Assignment: A verbatim copy of the records is required, with all pictures left out.

Data extracts:
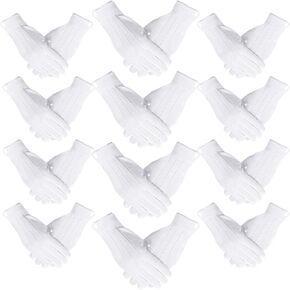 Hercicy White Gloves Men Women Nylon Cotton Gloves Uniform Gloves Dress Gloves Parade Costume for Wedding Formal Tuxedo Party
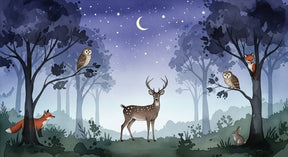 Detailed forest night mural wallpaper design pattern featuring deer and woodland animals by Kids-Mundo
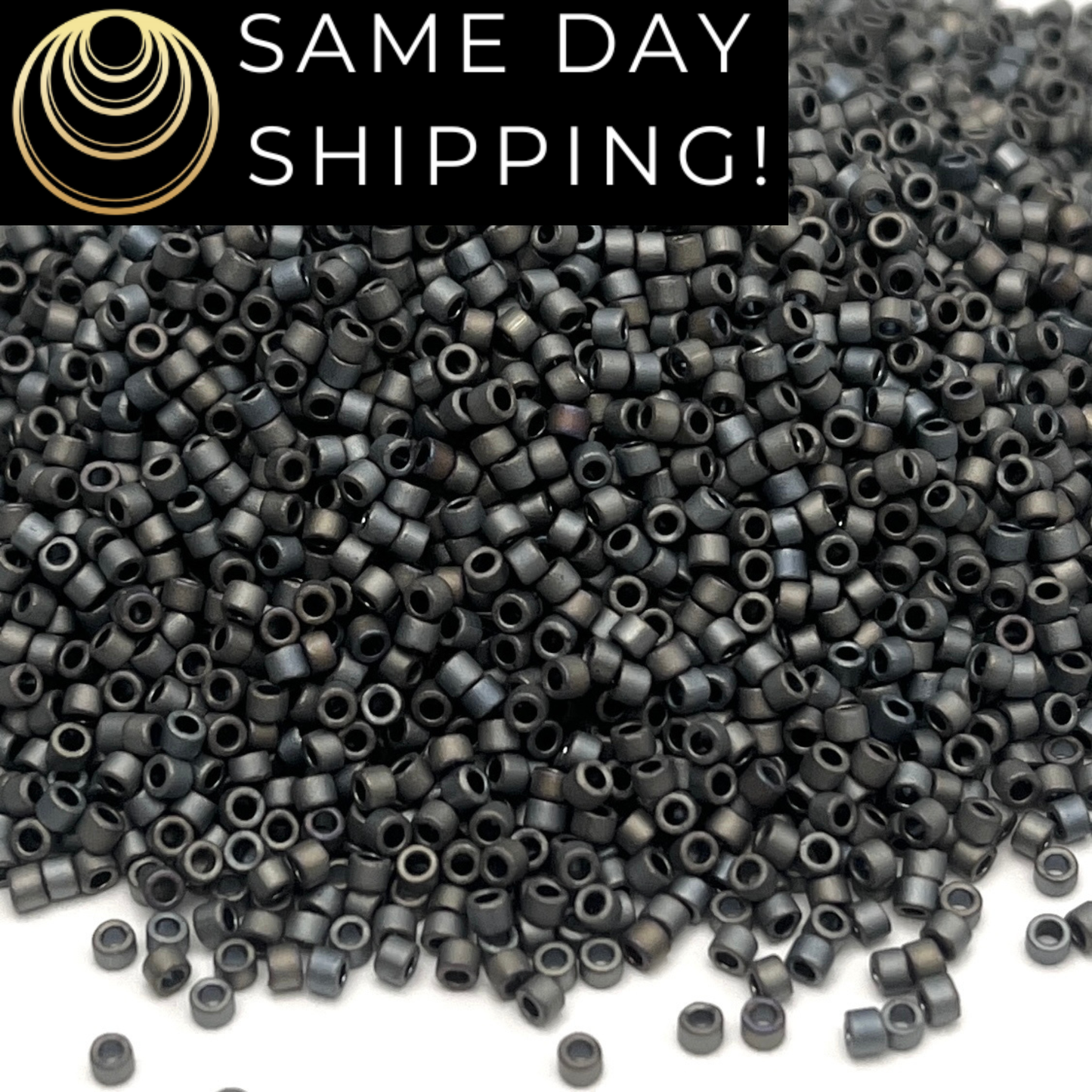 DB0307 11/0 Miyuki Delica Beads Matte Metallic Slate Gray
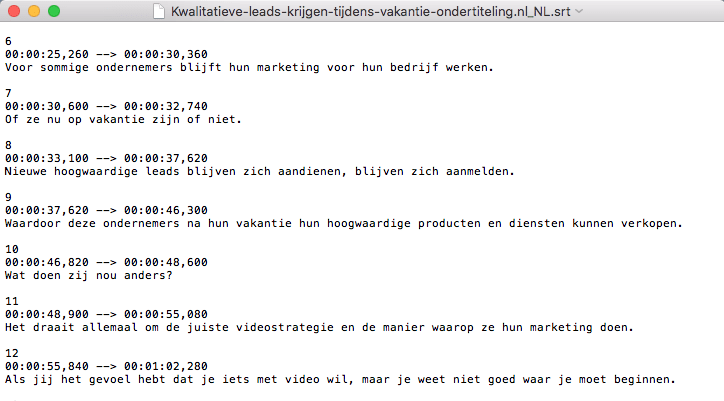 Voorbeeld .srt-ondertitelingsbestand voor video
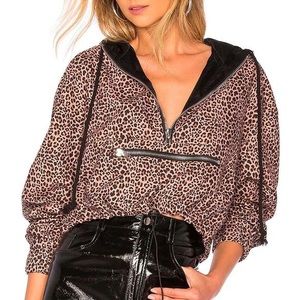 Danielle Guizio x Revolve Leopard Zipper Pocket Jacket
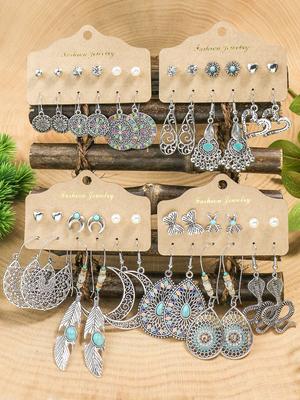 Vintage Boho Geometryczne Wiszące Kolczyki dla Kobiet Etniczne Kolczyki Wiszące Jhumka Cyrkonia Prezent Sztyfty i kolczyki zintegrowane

Answer to the problem:
 Hercicy White Gloves Men Women Nylon Cotton Gloves Uniform Gloves Dress Gloves Parade Costume for Wedding Formal Tuxedo Party
 Detailed forest night mural wallpaper design pattern featuring deer and woodland animals by Kids-Mundo
 DB0307 11/0 Miyuki Delica Beads Matte Metallic Slate Gray
 Voorbeeld .srt-ondertitelingsbestand voor video
 Danielle Guizio x Revolve Leopard Zipper Pocket Jacket
 Vintage Boho Geometryczne Wiszące Kolczyki dla Kobiet Etniczne Kolczyki Wiszące Jhumka Cyrkonia Prezent Sztyfty i kolczyki zintegrowane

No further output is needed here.